Türkiye Endokrinoloji ve Metabolizma Derneği (TEMD) Genel Sekreteri Prof. Dr. Melek Eda Ertörer, Antalya’da katıldığı 45. Türkiye Endokrinoloji ve Metabolizma Hastalıkları Kongresi’nde, "Endokrin Bozucular ve Sağlığımız" başlıklı sunumunda, plastik ürünlerin sağlığı tehdit ettiğine dair çok önemli açıklamalarda bulundu.
Prof. Dr. Melek Eda Ertörer, "plastik ajanlar, günlük hayatımızın her alanına girmiş, endüstrileşmenin getirdiği bir takım dış maddeler.
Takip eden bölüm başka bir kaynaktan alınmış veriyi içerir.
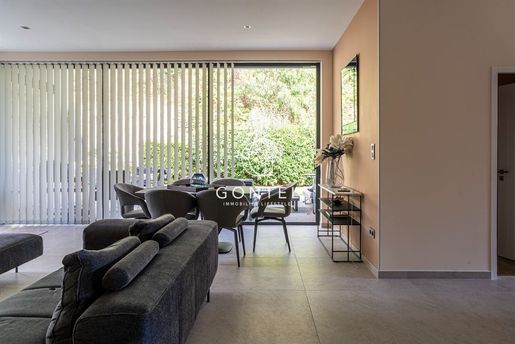 Maison 4 pièces 150 m² · à Saint-Didier-au-Mont-d'Or · 150 m² · 770 000 €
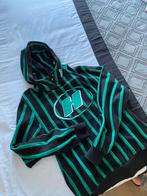 HUF skate trui, Ophalen, Maat 48/50 (M), Nieuw, Huf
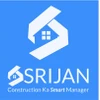 Srijan Construction Manager-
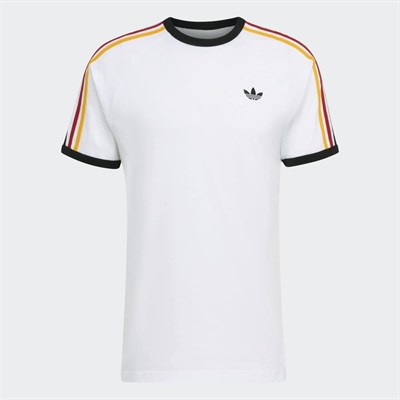 3S TEE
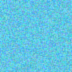 blu_gene.gif (7164 bytes)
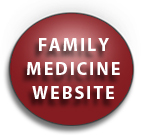 Department of Family Medicine Website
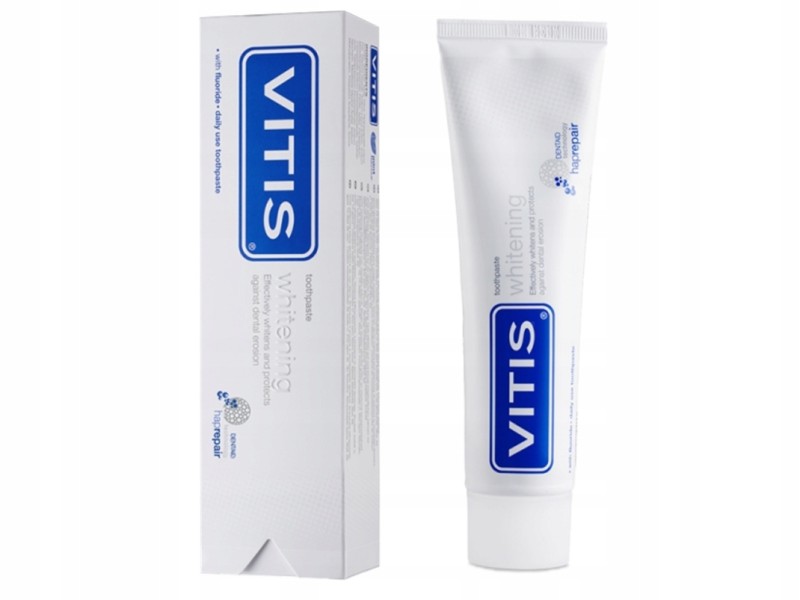 e53d53a74039b5529076d3bbb0be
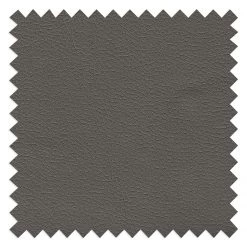 Fredriks Canapé d’angle Graford II - Imitation cuir - Gris foncé - Méridienne longue à gauche (vue de face) - Fonction couchage -Canapés Soldes Magasin 1000205299 200310 12365901656 DETAILS P000000001000205299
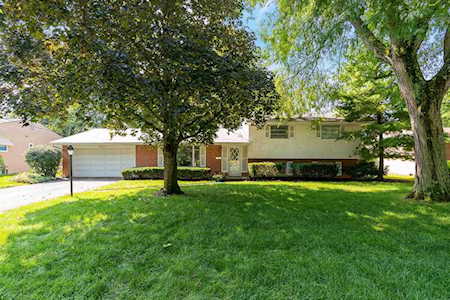 2327 Buckley Road Columbus, OH 43220
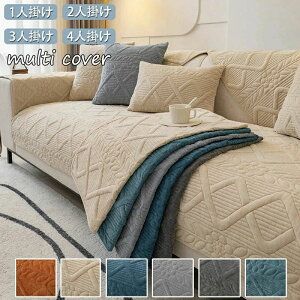 rO ~  n LJE`Ή \t@[ی IȂ I| 2l| 3l| Zp[g^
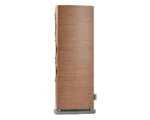Sonus Faber SONETTO VIII G2 Sonus Faber SONETTO VIII G2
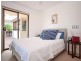7 Tween Court, Mermaid Waters QLD 4218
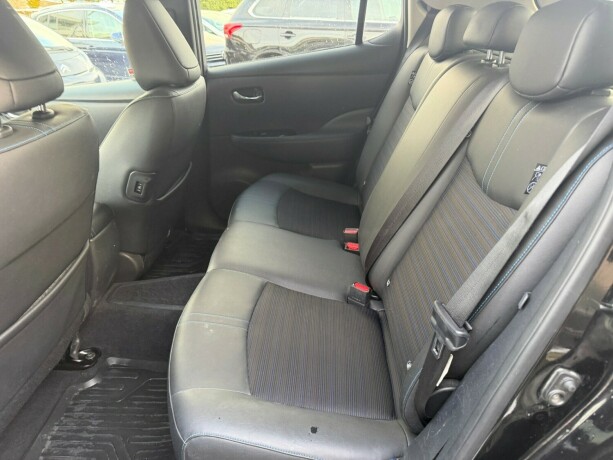 nissan-leaf-elektrisitet-2019-big-14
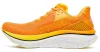 SAUCONY ENDORPHIN AZURA Férfi futócipő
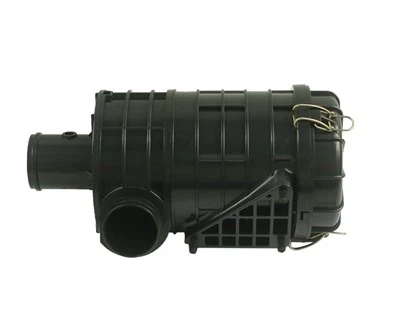 Hanzhi Forklift Parts Air Cleaner Housing For Liugong, KLWK-LG-D1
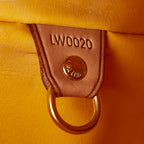 Louis Vuitton Vernis Houston (SHG-27576)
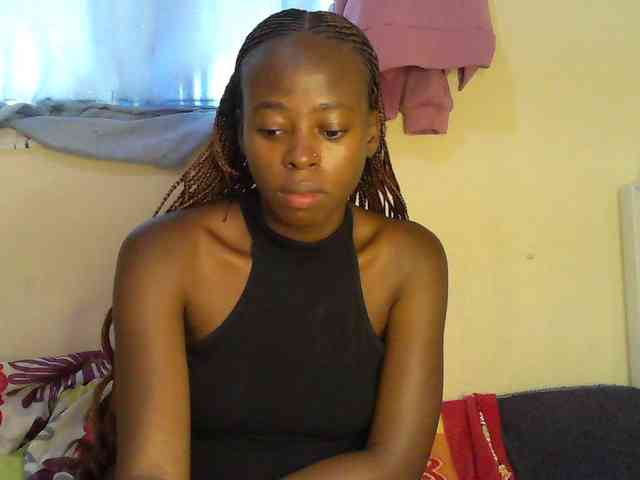 Slimsexy1 webcam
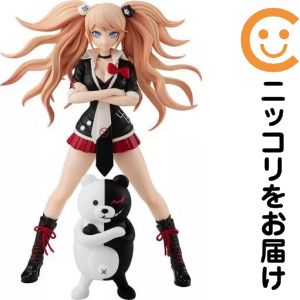 フィギュア POP UP PARADE 江ノ島盾子 「ダンガンロンパ1・2 Reload」 ABS&PVC製塗装済み完成品
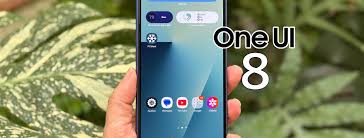 One-UI-8-esta-provocando-fallos-en-los-Galaxy-Samsung-esta-arruinando-la-experiencia2 One UI 8 está provocando fallos en los Galaxy: ¿Samsung está arruinando la experiencia?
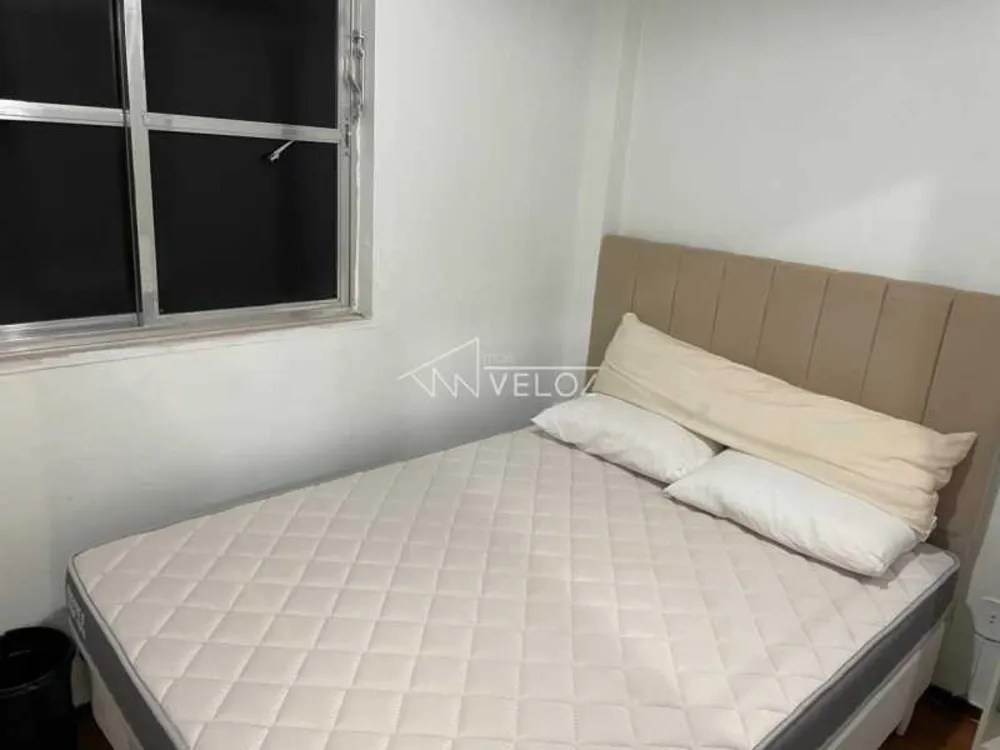 Apartamento, 1 quarto, 40 m² - Foto 17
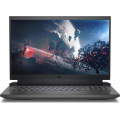 Dell G15 5520 Dark Shadow Grey (G5520-5442BLK-PUS)
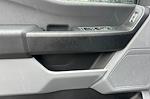 New 2025 Ford F-450 XL Crew Cab 4WD Cab Chassis for sale #25F051 - photo 8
Bu ajanların içinde, ftalat gibi endokrin bozucu olarak adlandırılan, endokrin sistemin üzerinde üreme ve gelişimsel süreçleri olumsuz etkileyen maddeler var. Bu ajanlar, kısırlık, mükerrer düşüşler, meme ve rahim kanseri, erkekte prostat kanseri, diyabet, obezite, astım gibi olumsuzlara sebep olabiliyor, çocuklarda ise dikkat eksikliği sendromuna sebep olabiliyor. Çevreye karıştığı takdirde ise bu ajanların etkileri 10 yıl kadar besin zincirine girerek, nesilden nesile aktarılıyor ve nefes yolunda birikiyor. Ağız, cilt ve solunum yoluyla alınabiliyor. Biz aynı anda birden fazla endokrin bozucu ajana, kümülatif etkilerine maruz kalabiliyoruz" diye ifade etti.
PLASTİKLER BESİN ZİNCİRİNE GİREREK, NESİLDEN NESİLE GEÇİYOR
Prof. Dr. Melek Eda Ertörer; "Bu ajanlar, güneş kremleri ve kozmetiklerin içinde varlar, özellikle koku molekülleri içine entegre olmuş olanlar var.
Peki bu ajanlara nasıl maruz kalıyoruz? Örneğin; bir plastik içeriği, mikrodalga fırında ısıttığınızda, içeriğine geçiyor. Bir plastik şişede bulunan su, güneşte beklediği zaman, sıvı içeceğine geçebiliyor. Bir oda kokusu sıktınız ya da banyoyu çok iyi bir deterjanla yıkadınız, bu deterjanların içindeki kokularda var. Eğer çok iyi havalandırmazsanız, o ortama maruz kalabilirsiniz. Bu ajanlar, pestisit denilen tarımda verimliliği artırmak için kullanılan ajanlar, endokrin bozucu olarak geçmekte." diye konuştu.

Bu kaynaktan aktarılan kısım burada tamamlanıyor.